Recently I was in a church in Middle England, where there was a big bold banner in the centre of the nave with a giant net full of people. On one side it says ‘from now on you will be’ and then on the other side simply ‘catching people’.
Reassuringly the people in the net look very joyful and happy to be there. It was a very clear bold statement of intent: the church family exist not for themselves but to draw others into God’s kingdom of love, joy and peace. The truth is, of course, ‘we need to keep drawing the net in.’
I found myself pondering on this. You see, it can never be simply about filling church buildings; it must be about aligning our hearts with God’s heart for every person and the whole world.
The difficulty for us at St Cyprian’s is we seem to be failing to grasp the concept of Mission. It seem one can hardly move a chair without someone reminding me of its ‘proper place’. We seem to have little vision, other than restoring a former glory that never really existed.
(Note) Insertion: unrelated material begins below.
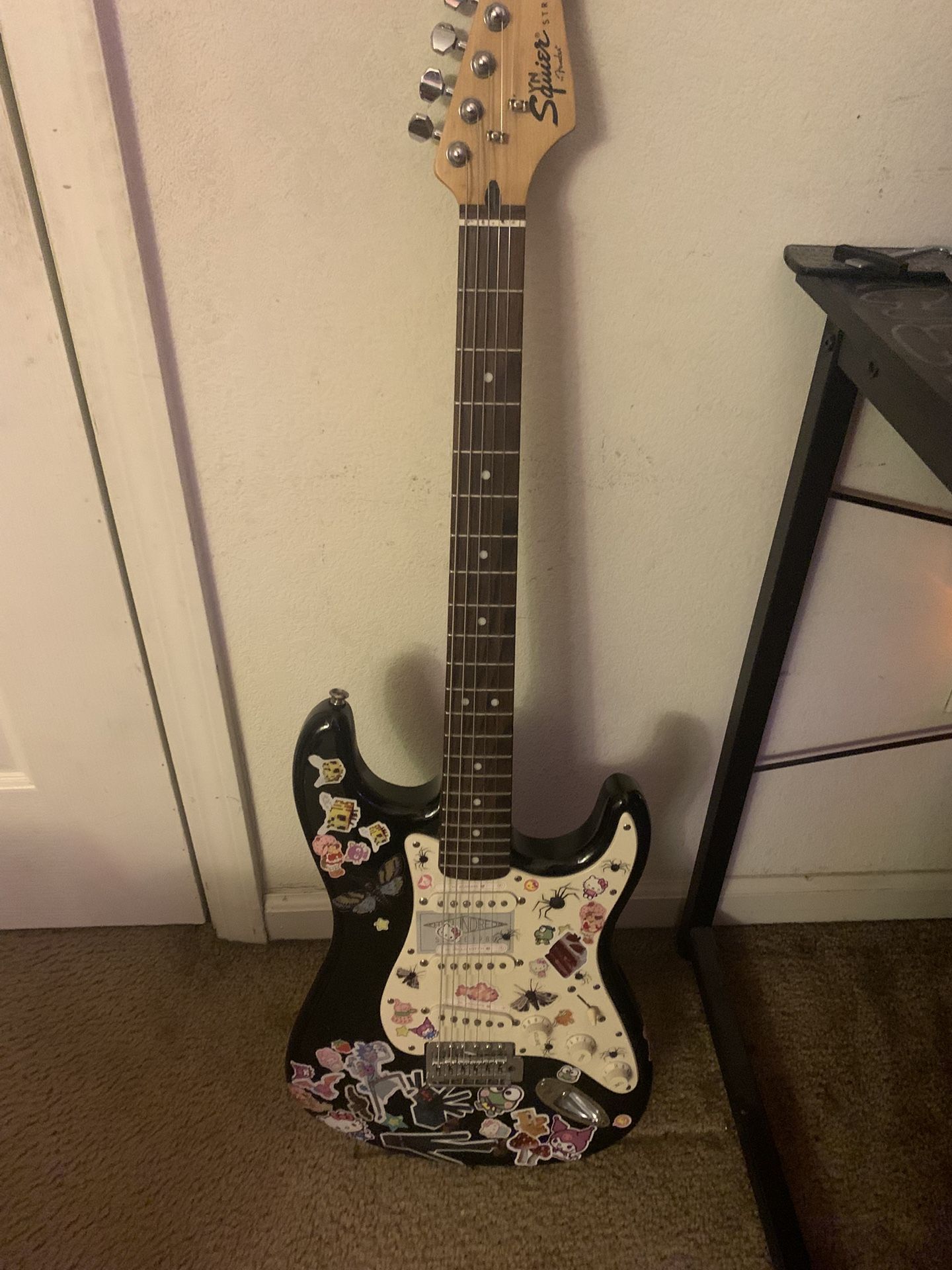 Black And White Squire Stratocaster Guitar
Yet I know that in many hearts there is the desire to bring others to Christ. When Jesus reignited the vision of his disciples for his mission in the days after the resurrection, he reminded them where their calling began: in a boat, on a lake, with a miraculous catch of fish.
They’ve been up all night and caught nothing and before they even recognise who he is, Jesus calls from the shore, ‘Throw your net on the right side of the boat and you will find some fish.’ When they did, ‘they were unable to haul the net in because of the large number of fish.’
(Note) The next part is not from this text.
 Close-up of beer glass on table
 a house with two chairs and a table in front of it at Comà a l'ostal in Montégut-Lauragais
Peter looks again to the shore and lets out a loud, ‘It is the Lord’. And this time he doesn’t stay to help haul the net in; he throws himself into the water and swims to shore as fast as he can to get to Jesus. We’re told “…the other disciples followed in the boat, towing the net full of fish, for they were not far from the shore.” What excitement as they counted up the large fishes they had caught, 153 in total.
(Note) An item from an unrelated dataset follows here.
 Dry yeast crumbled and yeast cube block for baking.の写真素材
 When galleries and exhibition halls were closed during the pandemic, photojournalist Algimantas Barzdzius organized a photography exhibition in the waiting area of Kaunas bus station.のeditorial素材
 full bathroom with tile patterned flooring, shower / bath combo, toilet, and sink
Theologians have pondered the spiritual significance in that number but concluded there is none, apart from recognising that numbers matter to God, whether it’s one sheep out of 99 missing from the fold or 153 fish caught in a net.
Whatever number stirs you the most, I pray that we will all know the great joy of being followers together; not envying one another or looking down on one another, but sharing the excitement and wonder of those Christ is drawing into his kingdom, whether that’s a single lost sheep or a very large catch of fish.
For this reason let us keep our hearts and minds, and our plans and prayers, focused on Christ himself. Like Peter, our primary desire should be for closeness with Jesus. For this is the only way we will sustain momentum in mission, whether we’ve been up all night and caught nothing or put down a single net and landed a great catch.
The same core convictions ought to shape the culture of mission in St Cyprian’s:
1. There really is nothing better that anyone can do with their life than become a follower of Jesus Christ.
2. There is no way to re‐evangelise this church, the C of E and the nation apart from the impact of the daily lives of ordinary Christians.
3. The ultimate test of fruitfulness and authenticity of any church, irrespective of its style or tradition, is the quality of disciples it makes. Making whole‐life missionary disciples is the core vocation of the church.
4. Discipleship cannot be taught from a pulpit or in a classroom alone, but is formed through a Holy Spirit‐filled community: in worship, prayer, sacrament and the practice of mission in everyday life.
5. The mission belongs to God and we look to God for the courage, creativity and compassion to sustain us every step of the way. For those of us who sometimes tire and may even feel like giving up, let’s not lose heart, but encourage one another as we seek to sustain momentum.
May God’s Holy Spirit enthuse, enliven and encourage us as we contemplate the Mission of St Cyprian’s Church and help us to realise that we need to keep drawing the net in.